Ces recherches sont en phase avec le Plan wallon des déchets-ressources q, qui a notamment pour objectif de favoriser l'émergence de nouvelles filières de valorisation des sédiments et d'optimiser l'utilisation des filières de gestion existantes.
[1] Cet arrêté devrait être révisé pour tenir compte de l'évolution des législations "déchets" et "sols".
[2] En 2021, 8 centres de regroupement (CR) étaient en exploitation : les CR du Vraimont (à Tubize), d'Erquelinnes (à Erquelinnes) et de Tongres Notre-Dame (à Chièvres) pour les matières de catégorie A ; les CR de Saint-Ghislain (à Saint-Ghislain), de Laplaigne (à Brunehaut) et d'Obourg (à Mons) pour les matières de catégorie B ; les CR de Bilhée (à Ath) et d'Ampsin (à Amay) pour les matières de catégories A et B. La capacité d'absorption annuelle de l'ensemble de ces infrastructures est estimée à 310 000 m3. À ces CR publics, gérés par le SPW Mobilité et Infrastructures, s'ajoutent quelques CR d'opérateurs privés.
[3] Les apports annuels de sédiments aux voies d'eau pourraient atteindre 600 000 m3/an selon une estimation ancienne(a), qui concorde avec les rendements en sédiments estimés par le modèle EPICgrid q : sur la décennie 2008 - 2017, ce sont entre 337 000 t/an de sédiments (min. sur la période) et 867 000 t/an de sédiments (max. sur la période) qui ont gagné chaque année les eaux de surface wallonnes par érosion hydrique des sols. Les mêmes ordres de grandeur sont valables en termes de volumes (m3/an) puisque 1 m3 de sédiments humides équivaut à 0,9 à 1 t de sédiments secs. Seule une part de ces apports atteint les voies navigables, mais d'autres sources s'y ajoutent (érosion des berges, sédiments endogènes, rejets…). Les volumes dragués avant 1990, compris entre 400 000 m3/an et 600 000 m3/an(b), correspondent également à ces ordres de grandeur.

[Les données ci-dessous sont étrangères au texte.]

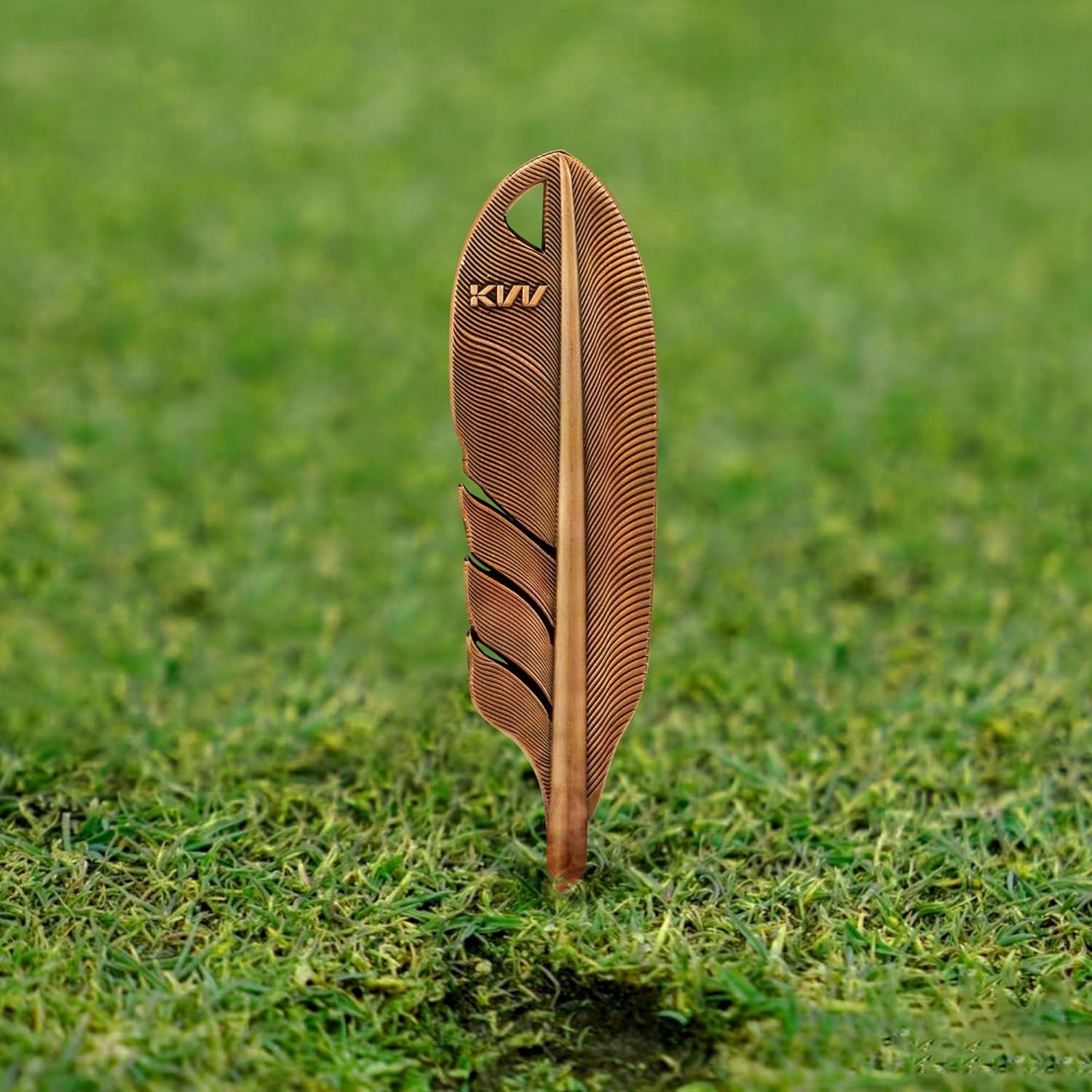 Herramienta de Divot KVV de Cobre con Lanyard de Cuero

[4] Le premier centre de regroupement (CR) a été construit en 2001.
[5] Selon des estimations effectuées en 2018 par le SPW Mobilité et Infrastructures, le gisement "passif" à extraire serait compris entre 3 et 11 millions de m3 selon les enjeux considérés et les objectifs poursuivis (p. ex. limiter le dragage à la passe navigable, assainir les zones polluées ou ramener l'ensemble du réseau à son gabarit initial).
[6] Filiale de la Société régionale d'investissement de Wallonie (SRIW) créée dans le cadre du Plan Marshall pour gérer un mécanisme de financement alternatif au bénéfice de certains projets parmi lesquels l'aménagement et l’équipement de zones d’activités prioritaires et l’équipement des zones portuaires.

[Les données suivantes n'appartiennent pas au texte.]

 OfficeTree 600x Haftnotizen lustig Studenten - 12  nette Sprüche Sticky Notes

[7] Sauf sur le canal de Pommerœul-Condé, fermé à la navigation depuis 1992 pour cause d'envasement en aval de l'écluse d'Hensies (côté français essentiellement), et dont le dragage et la mise à gabarit ont débuté en juin 2018 (Voies navigables de France, marché 2016 - 2026).
[8] Coûts hors déshydratation, valorisation ou élimination (estimation SPW Mobilité et Infrastructures)
[9] Augmentation théorique des coûts de 4 % p. ex. pour une limitation du tirant d'eau à 2,4 m sur des voies qui autoriseraient normalement un tirant d'eau de 2,5 m.
[10] Ces investissements, annoncés dans la Déclaration de politique régionale 2019 - 2024 q, figurent dans le Plan "Mobilité et infrastructures pour tous" 2020 - 2026 (229 200 000 € pour le transport fluvial) q.
Évaluation
Évaluation de l'état non réalisable et évaluation de la tendance non réalisable
- Pas de référentiel
- Les budgets alloués pour la période 2016 - 2020 ont permis le dragage et la gestion d'environ 164 000 m3/an. Un rythme équivalent est prévu pour la période 2021 - 2024. Ces volumes sont probablement inférieurs aux apports annuels de sédiments aux voies d'eau wallonnes. Toutes les matières de catégorie A (non ou peu polluées) sont valorisées tandis que 2/3 des matières de catégorie B (polluées) sont éliminées en CET. Il n'existe cependant pas de données consolidées sur les volumes de sédiments valorisés ou enfouis ni sur leur destination finale.
Les variations dans le temps des volumes dragués et gérés sont directement liées aux moyens alloués. Les données actuelles ne permettent pas de suivre les évolutions en termes de valorisation (catégorie B) et de destination (catégories A et B) des matières.